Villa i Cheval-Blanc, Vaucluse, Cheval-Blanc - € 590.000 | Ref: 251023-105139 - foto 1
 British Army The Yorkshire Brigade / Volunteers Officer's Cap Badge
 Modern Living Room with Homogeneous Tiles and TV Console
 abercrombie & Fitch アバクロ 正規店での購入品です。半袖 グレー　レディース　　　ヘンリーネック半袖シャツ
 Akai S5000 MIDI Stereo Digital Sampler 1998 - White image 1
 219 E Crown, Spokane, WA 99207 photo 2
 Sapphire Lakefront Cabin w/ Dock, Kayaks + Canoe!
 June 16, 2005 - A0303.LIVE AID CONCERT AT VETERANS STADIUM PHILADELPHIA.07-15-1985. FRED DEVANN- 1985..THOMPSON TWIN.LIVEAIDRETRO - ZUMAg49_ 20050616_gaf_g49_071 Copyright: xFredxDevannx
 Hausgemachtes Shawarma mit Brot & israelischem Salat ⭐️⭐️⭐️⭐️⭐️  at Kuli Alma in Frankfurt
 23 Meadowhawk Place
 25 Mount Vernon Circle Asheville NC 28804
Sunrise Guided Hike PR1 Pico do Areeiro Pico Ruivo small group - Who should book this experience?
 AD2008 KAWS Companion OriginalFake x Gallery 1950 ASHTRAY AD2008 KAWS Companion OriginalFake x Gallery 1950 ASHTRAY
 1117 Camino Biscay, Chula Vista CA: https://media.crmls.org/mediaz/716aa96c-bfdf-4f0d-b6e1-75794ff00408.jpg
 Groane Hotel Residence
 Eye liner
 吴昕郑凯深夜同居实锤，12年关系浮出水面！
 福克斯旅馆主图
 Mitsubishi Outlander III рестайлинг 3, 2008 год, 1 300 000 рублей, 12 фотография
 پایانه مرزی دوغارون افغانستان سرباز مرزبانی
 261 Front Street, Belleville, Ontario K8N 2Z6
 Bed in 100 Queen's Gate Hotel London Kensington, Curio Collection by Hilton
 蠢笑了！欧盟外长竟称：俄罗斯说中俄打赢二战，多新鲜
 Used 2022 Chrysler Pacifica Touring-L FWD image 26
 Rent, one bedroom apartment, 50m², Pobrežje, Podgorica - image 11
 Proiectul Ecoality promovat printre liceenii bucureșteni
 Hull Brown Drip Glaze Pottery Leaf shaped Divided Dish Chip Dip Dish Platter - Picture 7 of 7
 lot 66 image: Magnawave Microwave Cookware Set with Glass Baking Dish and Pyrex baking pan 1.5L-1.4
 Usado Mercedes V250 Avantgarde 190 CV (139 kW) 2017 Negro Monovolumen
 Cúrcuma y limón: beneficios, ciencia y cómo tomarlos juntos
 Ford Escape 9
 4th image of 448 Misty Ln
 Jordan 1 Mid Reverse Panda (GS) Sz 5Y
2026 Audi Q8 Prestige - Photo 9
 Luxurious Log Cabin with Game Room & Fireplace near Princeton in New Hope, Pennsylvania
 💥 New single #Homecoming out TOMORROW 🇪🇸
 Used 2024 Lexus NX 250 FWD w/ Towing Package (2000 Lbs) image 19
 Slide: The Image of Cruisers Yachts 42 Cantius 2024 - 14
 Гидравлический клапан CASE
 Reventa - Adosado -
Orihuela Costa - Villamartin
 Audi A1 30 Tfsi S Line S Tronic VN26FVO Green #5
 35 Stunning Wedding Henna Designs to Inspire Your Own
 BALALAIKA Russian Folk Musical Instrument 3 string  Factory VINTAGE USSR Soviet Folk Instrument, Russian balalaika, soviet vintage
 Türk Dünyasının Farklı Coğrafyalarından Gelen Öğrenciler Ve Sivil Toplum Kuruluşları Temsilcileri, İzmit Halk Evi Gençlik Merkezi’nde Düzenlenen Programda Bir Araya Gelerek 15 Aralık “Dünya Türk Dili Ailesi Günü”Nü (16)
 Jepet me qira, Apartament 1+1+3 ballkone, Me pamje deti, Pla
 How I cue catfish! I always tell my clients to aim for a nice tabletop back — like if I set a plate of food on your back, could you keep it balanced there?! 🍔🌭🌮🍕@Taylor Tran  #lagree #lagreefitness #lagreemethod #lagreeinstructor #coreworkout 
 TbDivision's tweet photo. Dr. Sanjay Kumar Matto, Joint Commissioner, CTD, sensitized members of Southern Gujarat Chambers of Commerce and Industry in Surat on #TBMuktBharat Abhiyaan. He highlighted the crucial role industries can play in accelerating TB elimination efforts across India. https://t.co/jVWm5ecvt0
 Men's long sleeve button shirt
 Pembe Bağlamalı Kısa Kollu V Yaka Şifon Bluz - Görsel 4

###

_REQUIREMENT_
Copy all of the entries above exactly as shown.

_RESULT OF THE EXERCISE_
Villa i Cheval-Blanc, Vaucluse, Cheval-Blanc - € 590.000 | Ref: 251023-105139 - foto 1
 British Army The Yorkshire Brigade / Volunteers Officer's Cap Badge
 Modern Living Room with Homogeneous Tiles and TV Console
 abercrombie & Fitch アバクロ 正規店での購入品です。半袖 グレー　レディース　　　ヘンリーネック半袖シャツ
 Akai S5000 MIDI Stereo Digital Sampler 1998 - White image 1
 219 E Crown, Spokane, WA 99207 photo 2
 Sapphire Lakefront Cabin w/ Dock, Kayaks + Canoe!
 June 16, 2005 - A0303.LIVE AID CONCERT AT VETERANS STADIUM PHILADELPHIA.07-15-1985. FRED DEVANN- 1985..THOMPSON TWIN.LIVEAIDRETRO - ZUMAg49_ 20050616_gaf_g49_071 Copyright: xFredxDevannx
 Hausgemachtes Shawarma mit Brot & israelischem Salat ⭐️⭐️⭐️⭐️⭐️  at Kuli Alma in Frankfurt
 23 Meadowhawk Place
 25 Mount Vernon Circle Asheville NC 28804
Sunrise Guided Hike PR1 Pico do Areeiro Pico Ruivo small group - Who should book this experience?
 AD2008 KAWS Companion OriginalFake x Gallery 1950 ASHTRAY AD2008 KAWS Companion OriginalFake x Gallery 1950 ASHTRAY
 1117 Camino Biscay, Chula Vista CA: https://media.crmls.org/mediaz/716aa96c-bfdf-4f0d-b6e1-75794ff00408.jpg
 Groane Hotel Residence
 Eye liner
 吴昕郑凯深夜同居实锤，12年关系浮出水面！
 福克斯旅馆主图
 Mitsubishi Outlander III рестайлинг 3, 2008 год, 1 300 000 рублей, 12 фотография
 پایانه مرزی دوغارون افغانستان سرباز مرزبانی
 261 Front Street, Belleville, Ontario K8N 2Z6
 Bed in 100 Queen's Gate Hotel London Kensington, Curio Collection by Hilton
 蠢笑了！欧盟外长竟称：俄罗斯说中俄打赢二战，多新鲜
 Used 2022 Chrysler Pacifica Touring-L FWD image 26
 Rent, one bedroom apartment, 50m², Pobrežje, Podgorica - image 11
 Proiectul Ecoality promovat printre liceenii bucureșteni
 Hull Brown Drip Glaze Pottery Leaf shaped Divided Dish Chip Dip Dish Platter - Picture 7 of 7
 lot 66 image: Magnawave Microwave Cookware Set with Glass Baking Dish and Pyrex baking pan 1.5L-1.4
 Usado Mercedes V250 Avantgarde 190 CV (139 kW) 2017 Negro Monovolumen
 Cúrcuma y limón: beneficios, ciencia y cómo tomarlos juntos
 Ford Escape 9
 4th image of 448 Misty Ln
 Jordan 1 Mid Reverse Panda (GS) Sz 5Y
2026 Audi Q8 Prestige - Photo 9
 Luxurious Log Cabin with Game Room & Fireplace near Princeton in New Hope, Pennsylvania
 💥 New single #Homecoming out TOMORROW 🇪🇸
 Used 2024 Lexus NX 250 FWD w/ Towing Package (2000 Lbs) image 19
 Slide: The Image of Cruisers Yachts 42 Cantius 2024 - 14
 Гидравлический клапан CASE
 Reventa - Adosado -
Orihuela Costa - Villamartin
 Audi A1 30 Tfsi S Line S Tronic VN26FVO Green #5
 35 Stunning Wedding Henna Designs to Inspire Your Own
 BALALAIKA Russian Folk Musical Instrument 3 string  Factory VINTAGE USSR Soviet Folk Instrument, Russian balalaika, soviet vintage
 Türk Dünyasının Farklı Coğrafyalarından Gelen Öğrenciler Ve Sivil Toplum Kuruluşları Temsilcileri, İzmit Halk Evi Gençlik Merkezi’nde Düzenlenen Programda Bir Araya Gelerek 15 Aralık “Dünya Türk Dili Ailesi Günü”Nü (16)
 Jepet me qira, Apartament 1+1+3 ballkone, Me pamje deti, Pla
 How I cue catfish! I always tell my clients to aim for a nice tabletop back — like if I set a plate of food on your back, could you keep it balanced there?! 🍔🌭🌮🍕@Taylor Tran  #lagree #lagreefitness #lagreemethod #lagreeinstructor #coreworkout 
 TbDivision's tweet photo. Dr. Sanjay Kumar Matto, Joint Commissioner, CTD, sensitized members of Southern Gujarat Chambers of Commerce and Industry in Surat on #TBMuktBharat Abhiyaan. He highlighted the crucial role industries can play in accelerating TB elimination efforts across India. https://t.co/jVWm5ecvt0
 Men's long sleeve button shirt
 Pembe Bağlamalı Kısa Kollu V Yaka Şifon Bluz - Görsel 4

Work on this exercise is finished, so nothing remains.